Merano znalazło się na naszej liście miejsc do odwiedzenia w Tyrolu Południowym właściwie już na samym początku planowania. Mieszkaliśmy zupełnie po drugiej stronie włoskiej prowincji w agroturystyce Gschlunerhof zlokalizowanej w miejscowości S. Osvaldo. Już od niej dzieliło nas z Warszawy ponad 1200 km. Dlatego wyprawę do samego Merano postanowiliśmy połączyć z odwiedzinami tuż przy Lago di Resia. Najpierw pojechaliśmy zobaczyć sztucznie powstałe jezioro, w którym zatopione zostały wioski – wciąż można podziwiać wystającą z niego wieżę kościoła. Następnie udaliśmy się do Merano. Od naszego miejsca noclegu miasto oddalone jest o nieco ponad 60 km, które pokonaliśmy w około godzinę. Drogi wiodły pośród gór, a kiedy dojeżdżaliśmy do miejsca docelowego, mieliśmy wrażenie, jakbyśmy wjechali do zupełnie innego kraju. Wszystko przez to, że surowa zieleń górskich lasów zamieniła się tutaj w rosnące przy drodze cyprysy oraz kaktusy. W powietrzu czuć było też dużo większą wilgotność.

Merano jest popularnym kurortem umiejscowionym na odcinku doliny Adygi. Leży w zagłębieniu (325 m n.p.m.) otoczonym przez szczyty takich pasm jak Texelgruppe, Sarntaler Allen i Gruppo Ortles-Cevedale. Niektóre z nich mają po 2, a nawet 3 tys. metrów wysokości, dzięki czemu urozmaicają widoki, jakie rozpościerają się w mieście.

Krajobraz Merano

Historia popularnego kurortu

Pierwsza wzmianka o mieście Merano pojawiła się bardzo dawno temu, bo w roku 857. Wówczas pisano o miejscowości pod nazwą Mairania w dokumencie, przyznającym biskupowi diecezji Chur kilka dóbr ziemskich w tej okolicy.

W średniowieczu miejscowość nabierała znaczenia i w 1317 roku została stolicą Tyrolu.

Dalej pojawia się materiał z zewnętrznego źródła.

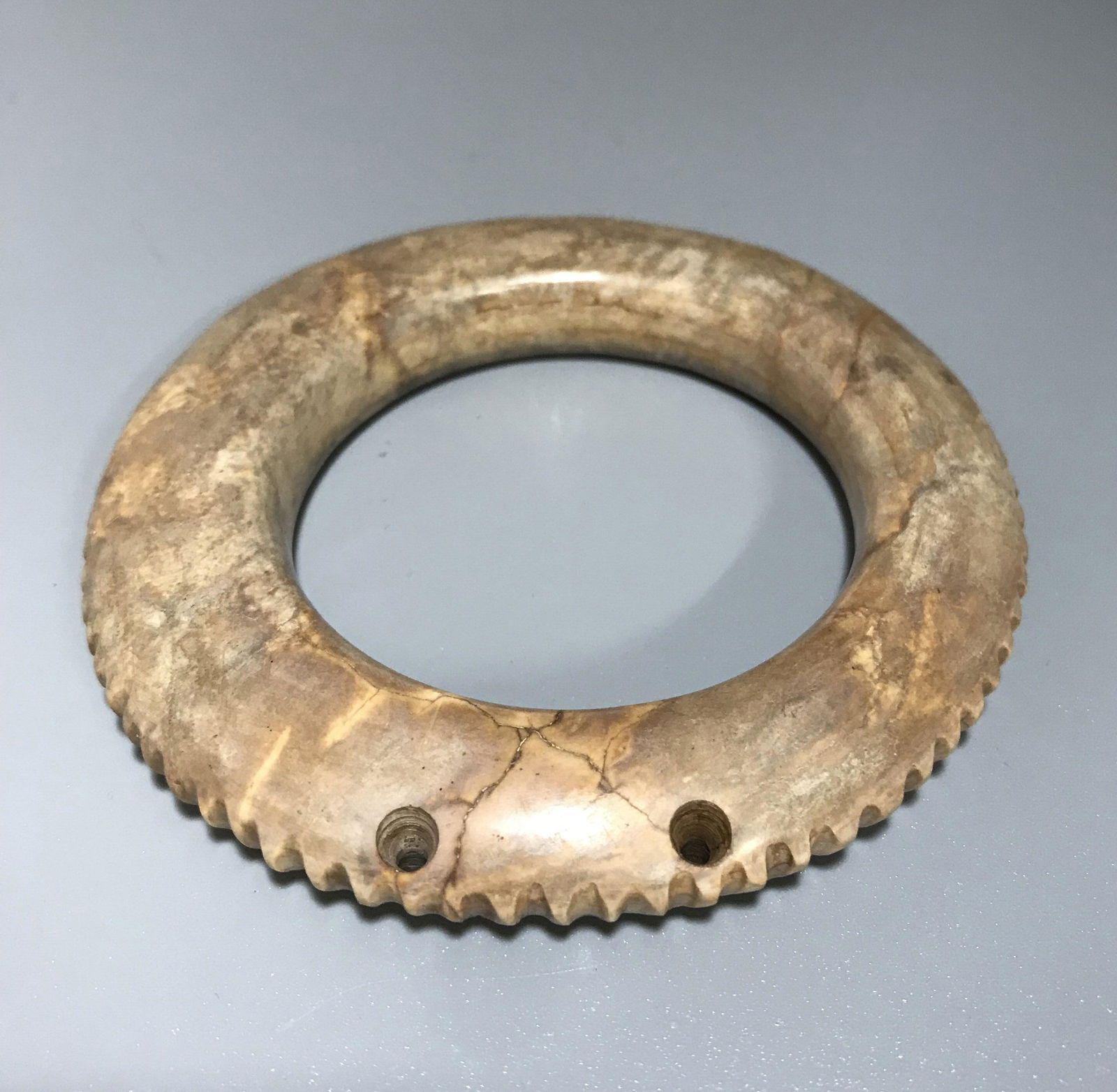 The han dynasty jade ring (1 of 7)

Co ciekawe, Merano pełniło formalną funkcję stolicy aż do 1849 roku, choć w rzeczywistości dwór urzędował już w Innsbrucku (przeniósł się tu w 1420 roku). Kiedy doszło do tego przetasowania, miasto zaczęło podupadać. Konkurencję robiło mu też Bolzano, czyli dzisiejsza stolica Południowego Tyrolu.

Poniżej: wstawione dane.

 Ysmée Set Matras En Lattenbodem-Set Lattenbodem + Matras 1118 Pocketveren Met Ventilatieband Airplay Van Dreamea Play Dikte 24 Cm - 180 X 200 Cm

Z pomocą przyszli turyści, którzy już od lat 30. XIX wieku szczególnie upodobali sobie to miejsce. Dzięki gościom zyskało ono międzynarodową sławę i znaczenie. W 1836 roku Merano stało się uzdrowiskiem, którym zresztą pozostaje do dziś. Kto zauważył w nim taki potencjał? Prawdopodobnie to wtedy wiedeński lekarz Johann Huber rozpisywał się o Merano w licznych publikacjach. Zwracał uwagę na czyste powietrze, łagodny i śródziemnomorski klimat. Zauważył, że dzięki takim walorom można tu z powodzeniem leczyć i rehabilitować osoby z chorobami układu oddechowego.

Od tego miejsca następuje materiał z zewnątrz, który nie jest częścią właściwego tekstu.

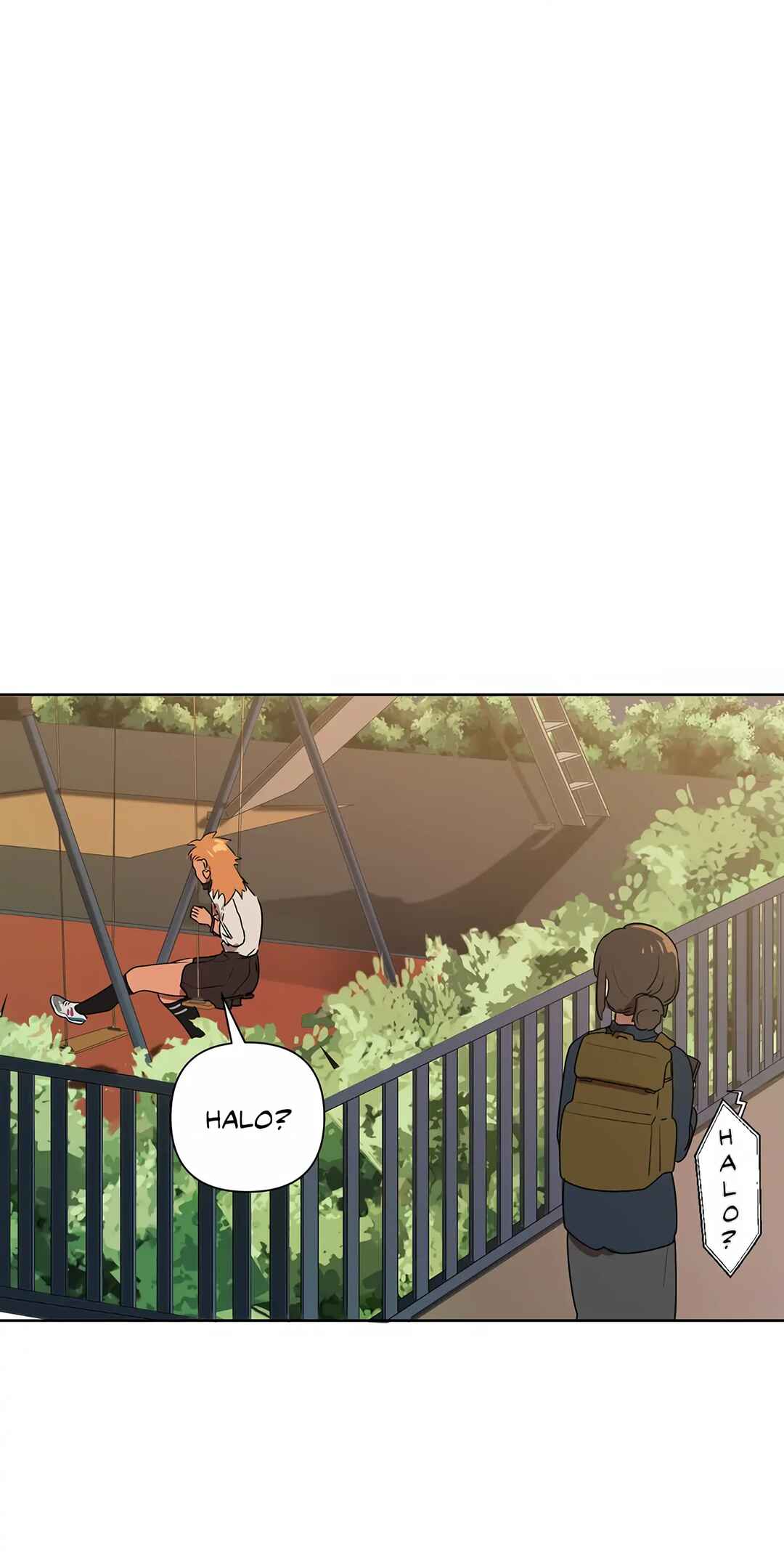 Sora & Haena! Chapter 3 - Page 33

Co więcej, miejsce to upodobała sobie także cesarzowa Sisi.

Promenada w Merano

Ulubione uzdrowisko Sisi

Prawdopodobnie dzięki żonie Franciszka Józefa, cesarzowej Elżbiecie nazywanej pieszczotliwie Sisi, Merano stało się w XIX wieku najpopularniejszym uzdrowiskiem w całej Europie. Nie ma wątpliwości co do tego, że miejscowość wiele jej zawdzięcza. Szczególnie upodobała sobie ona miasto-ogród, do którego przybyła w ciągu swojego życia dwa razy.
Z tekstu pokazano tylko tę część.